■ **Records for the exercise**:
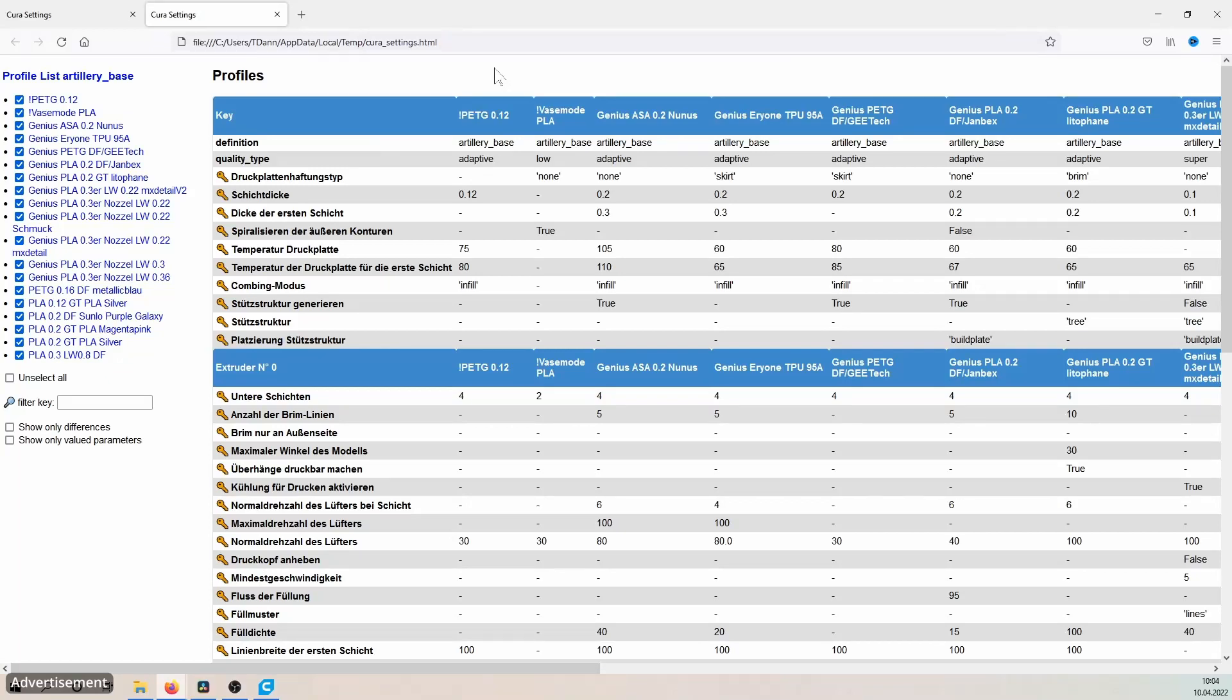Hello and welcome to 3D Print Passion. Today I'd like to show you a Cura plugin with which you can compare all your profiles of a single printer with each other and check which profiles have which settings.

==

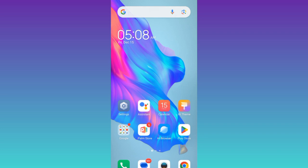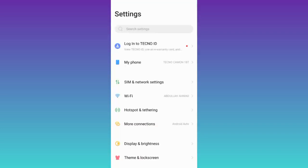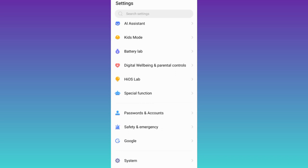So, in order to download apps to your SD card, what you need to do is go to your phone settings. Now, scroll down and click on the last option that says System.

...

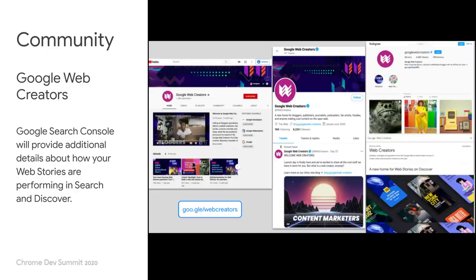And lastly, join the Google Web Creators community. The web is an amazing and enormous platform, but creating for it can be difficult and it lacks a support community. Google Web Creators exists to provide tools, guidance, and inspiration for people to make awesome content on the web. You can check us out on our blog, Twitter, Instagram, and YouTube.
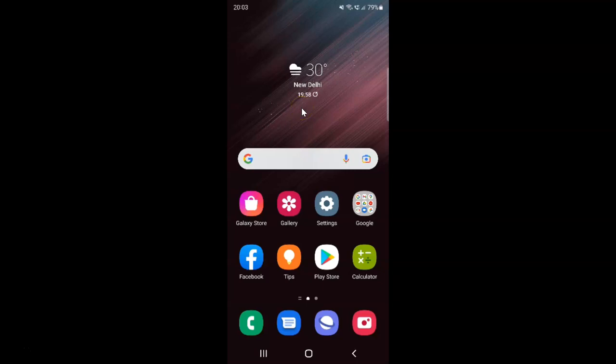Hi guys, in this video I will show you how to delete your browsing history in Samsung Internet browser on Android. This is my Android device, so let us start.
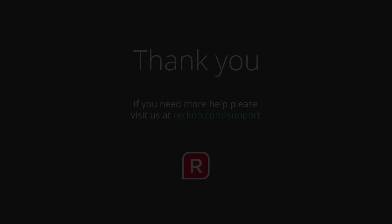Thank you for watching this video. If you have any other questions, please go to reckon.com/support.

■ **Task**: In the material above, which lines fall between the one holding "Hi guys, in" and the one holding "Thank you for", inclusive? Print exactly those, with the pictures left out.

■ **Problem solution**:
Hi guys, in this video I will show you how to delete your browsing history in Samsung Internet browser on Android. This is my Android device, so let us start.
Thank you for watching this video. If you have any other questions, please go to reckon.com/support.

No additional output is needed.